Sì alla pubblicazione dei file su Epstein, cosa succede ora
Il provvedimento del Congresso Usa che autorizza il Dipartimento di Giustizia alla condivisione dei documenti sul finanziere pedofilo arriva oggi sulla scrivania di Trump

Il Congresso americano ha votato quasi all’unanimità la legge che autorizza il Dipartimento di Giustizia alla divulgazione dei documenti non classificati relativi al pedofilo Jeffrey Epstein, morto in carcere nel 2019, accusato di aver organizzato per un giro di prostituzione minorile per uomini ricchi e potenti. Il provvedimento, passato ai Rappresentanti con un 427 voti a favore e solo uno contro, quello del deputato repubblicano Clay Higgins, dovrebbe arrivare in giornata sulla scrivania di Donald Trump per la firma.
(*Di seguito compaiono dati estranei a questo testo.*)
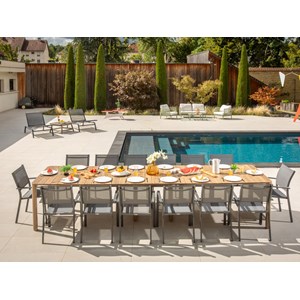 Table de jardin rectangulaire extensible roko, 3,7 m, 6 rallonges, aspect teck -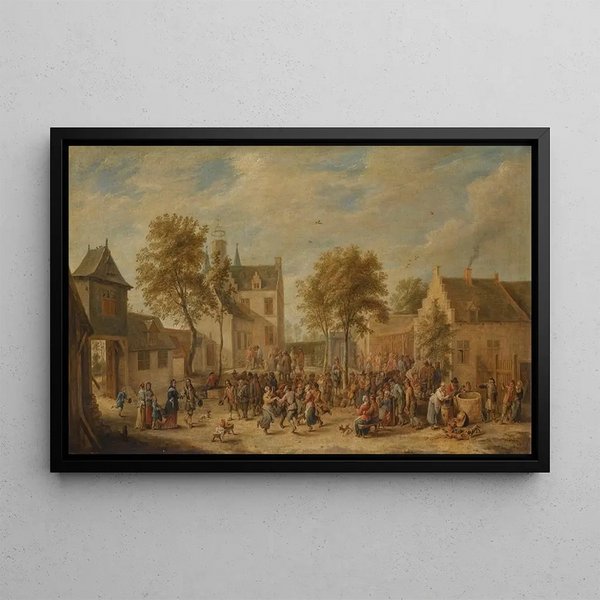 a Village Fair with Villagers Having Fun in a Town Square - David Teniers the Younger — framed artwork on a wall
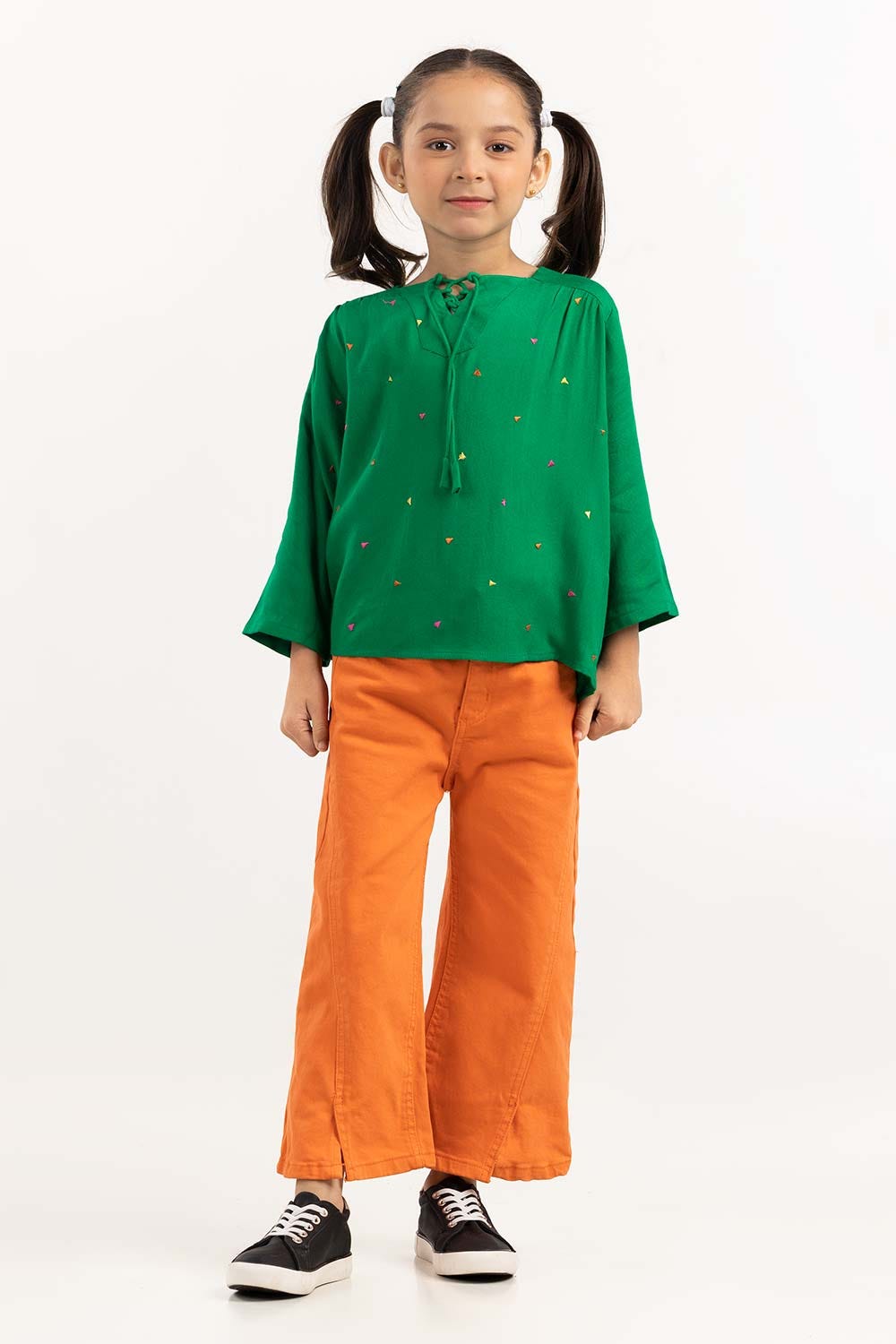 Toddler Girl Green Viscose Blouse With Full Sleeves 224-617-015
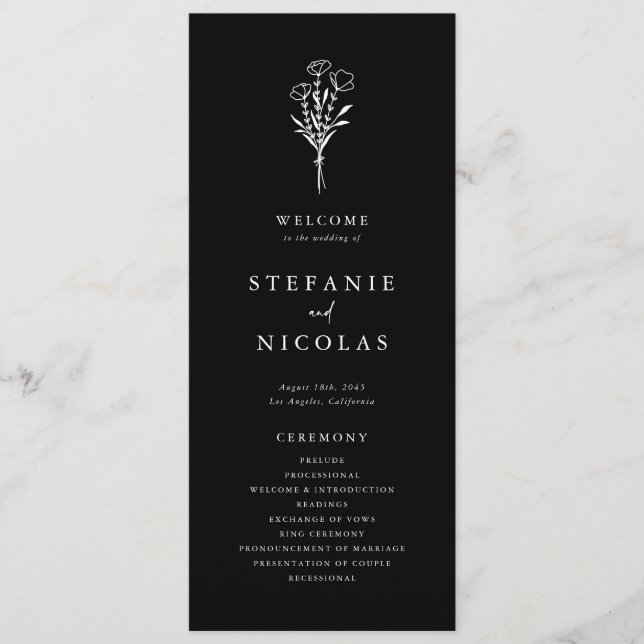 Boho Minimalist Botanicals Black Wedding Program (Front)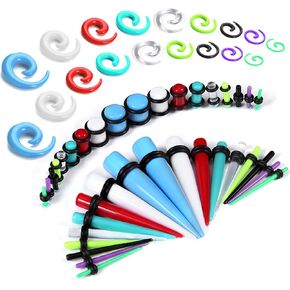طقم تمدد الأذن 54 قطعة من BodyJ4You - مقاييس المبتدئين 14G-00G - أزرق أبيض شفاف أخضر أرجواني أكريليك مستدق حلزوني بدون سدادات مضيئة حلقات على شكل حرف O - موسعات خفيفة الوزن للجنسين والرجال والنساء in Kuwait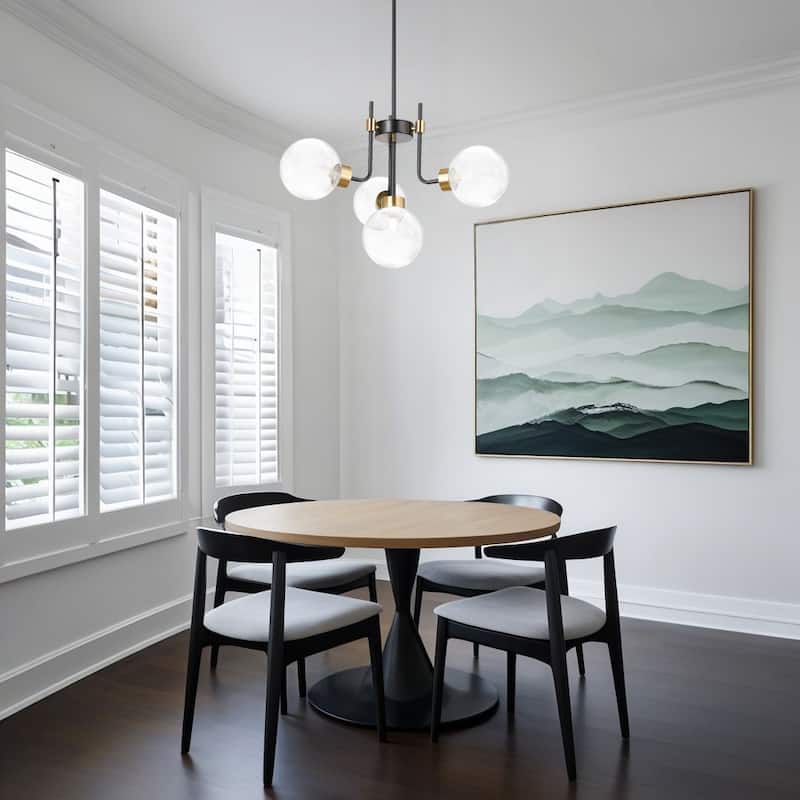 Bistro Ceiling Light Chandelier Nordic Matte Black and Gold Polish 4-Light - Gold/Black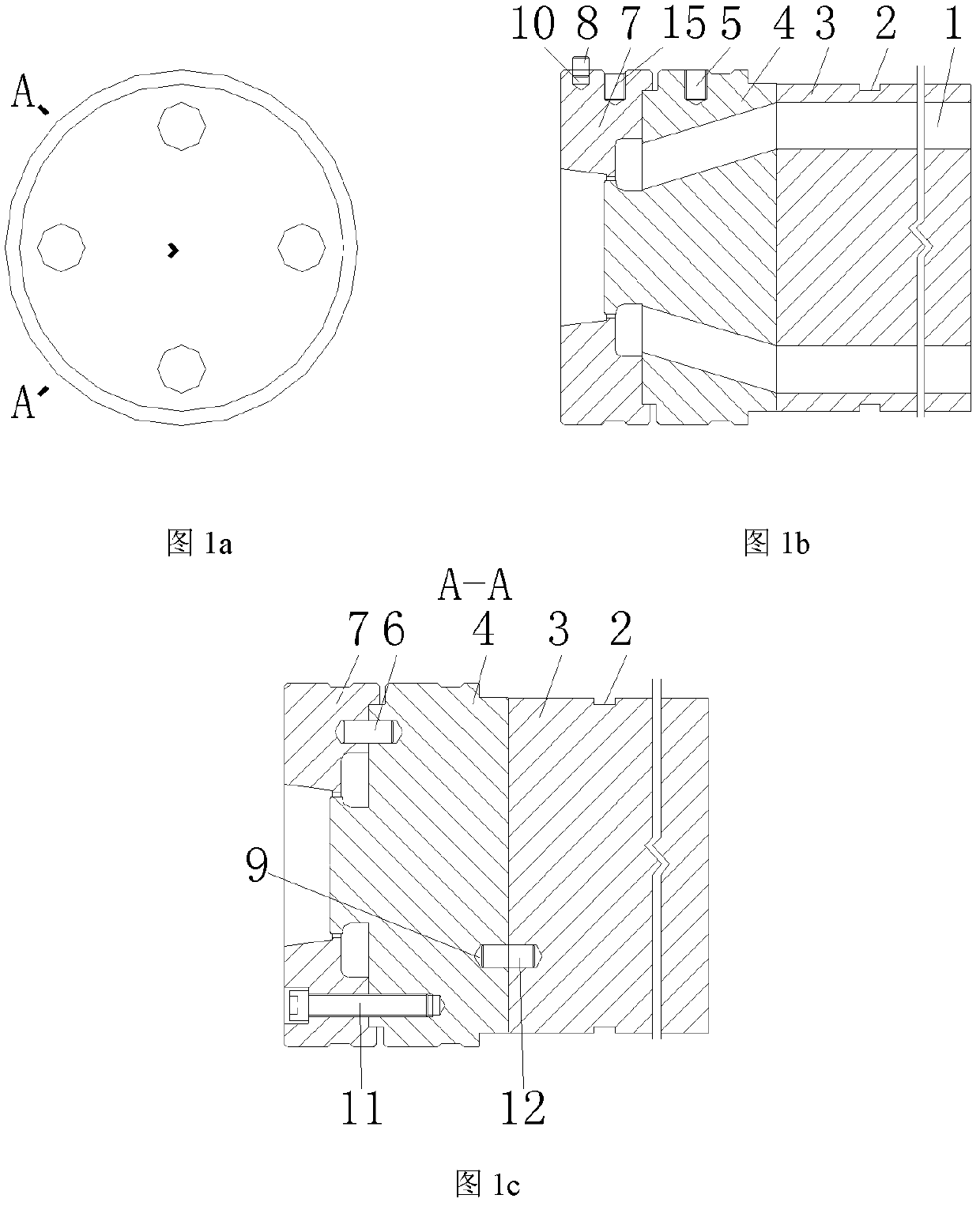 Mould for multi-blank equal-channel angular welding extruded molded pipe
Il caso rappresenta da mesi una spina nel fianco del presidente che, così lasciano intendere alcuni stralci dei documenti già diffusi, sarebbe stato amico del finanziere e avrebbe fatto parte del suo giro. Circostanza confermata in parte dallo stesso Trump secondo cui, sì, ha partecipato alle sue feste negli anni ’90 ma ha poi interrotto i rapporti. I dettagli della corrispondenza tra Epstein e i suoi amici lo hanno però smentito. Molti elettori del mondo «Maga» (Make America Great Again) hanno cominciato a credere che il tycoon abbia mentito e che la sua amministrazione lo abbia aiutato a insabbiare le prove. Trump, irritato, ha gridato a una bufala organizzata dalla Russia e, finché ha potuto, si è opposto alla divulgazione del fascicolo. Poi, però, ha dovuto cedere agli appelli alla trasparenza di molti dei suoi stessi deputati. Thomas Massie, del Kentucky, ha accusato il Dipartimento di Giustizia di «proteggere pedofili e trafficanti di esseri umani». A favore della pubblicazione dei file si è fortemente spesa persino la fervente trumpiana Marjorie Taylor Greene, della Georgia, che ha poi raccontato di aver subito pressioni dalla Casa Bianca affinché rinunciasse alle sue rivendicazioni. Trump l’ha pubblicamente definita «una traditrice».
Il presidente continua a dirsi estraneo al «giro Epstein». Martedì, in una conferenza stampa, ha ricordato di averlo cacciato dal suo club, molti anni fa, perché lo riteneva «un pervertito malato». La bufera mediatica che si è scatenata ha avuto un impatto negativo sul suo indice di gradimento, sceso al livello più basso dell’anno. Secondo un sondaggio Reuters/Ipsos, un elettore su cinque approvava la gestione del caso da parte del presidente. Lo speaker della Camera Mike Johnson ha lasciato chiaramente intendere che il voto a favore della pubblicazione del dossier è stato una scelta obbligata, necessaria a evitare le ricadute politiche di un voto contrario. «Nessuno vuole essere messo a verbale, e in qualche modo accusato, per non essere a favore della massima trasparenza», ha detto. Molti, adesso, si chiedono se il Dipartimento di Giustizia renderà davvero pubblici tutti i file o se ne secreterà alcuni. La saga continua.